Íñigo López

Personal information
- Full name: Íñigo López Montaña
- Date of birth: 23 July 1982 (age 44)
- Place of birth: Logroño, Spain
- Height: 1.85 m (6 ft 1 in)
- Position: Centre-back

Youth career
- Las Rozas

Senior career*
- Years: Team / Apps / (Gls)
- 2002–2004: Las Rozas
- 2004–2006: Atlético Madrid B / 34 / (4)
- 2006–2007: S.S. Reyes / 27 / (1)
- 2007–2010: Alcorcón / 85 / (17)
- 2010–2013: Granada / 91 / (8)
- 2013–2014: PAOK / 3 / (0)
- 2014: → Celta (loan) / 9 / (1)
- 2014–2015: Córdoba / 21 / (0)
- 2015–2018: Huesca / 63 / (3)
- 2018–2019: Extremadura / 7 / (0)
- 2019: Deportivo La Coruña / 1 / (0)
- 2019–2020: S.S. Reyes / 7 / (0)
- Total:  / 348 / (34)

= Íñigo López (footballer) =

Spanish footballer (born 1982)

Íñigo López Montaña (born 23 July 1982) is a Spanish former professional footballer who played as a central defender.

==Club career==
Born in Logroño, La Rioja, López began his career with Atlético Madrid B in the Segunda División B in 2004, going on to spend six seasons in that tier, his next club being Madrid neighbours UD San Sebastián de los Reyes. In 2007, he signed for AD Alcorcón also in the community, appearing in 35 league games in his first year (five goals) but only five in the following.

López was again a regular starter for Alcorcón in 2009–10, and scored a career-best seven goals as the team promoted to Segunda División for the first time ever. He also took part in the memorable Alcorconazo in the round of 32 of the Copa del Rey, in which the club secured the most famous victory in its history after defeating Real Madrid 4–0 at home and 4–1 on aggregate.

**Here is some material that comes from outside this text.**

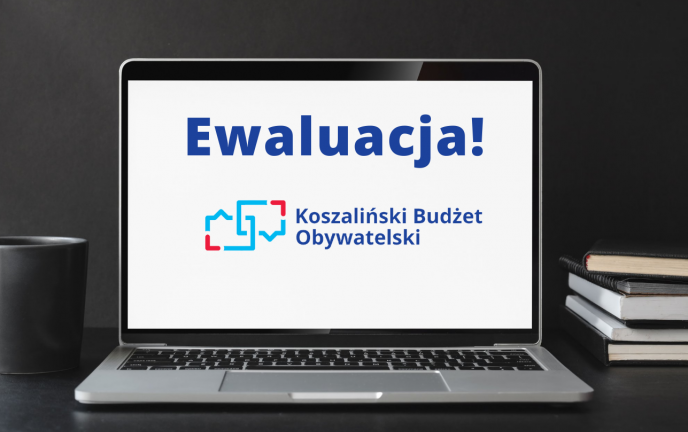 grafika przedstawia otwarty laptop z logiem Koszalińskiego Budżetu Obywatelskiego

In the summer of 2010, López joined Granada CF in the second division, and achieved a second consecutive promotion, also the second in a row for the Andalusians, while contributing four goals. He made his La Liga debut on 1 October 2011 in a 1–0 away loss against Valencia CF, and netted four times during the season – two of those in narrow wins over Athletic Bilbao (1–0, away) and Málaga CF (2–1, at home)– to help the side to retain their league status.

López moved abroad for the first time on 19 June 2013, with the 30-year-old signing a two-year contract with PAOK FC from the Super League Greece. He returned to Spain on 23 January of the following year, after being loaned to RC Celta de Vigo for five months.

On 1 August 2014, López agreed to a one-year deal at Córdoba CF, recently promoted to the top flight. He played 21 matches as his team were immediately relegated, and signed for SD Huesca in the second tier on 14 July 2015.

López helped to achieve promotion to the top division in the 2017–18 campaign, but contributed just four appearances to this feat. He subsequently terminated his contract, and signed a one-year deal with Extremadura UD in the same league after having trained with them since August.

On 31 January 2019, free agent López moved to division two side Deportivo de La Coruña on a six-month deal.

==Personal life==
López's older brother, Jorge, was also a footballer.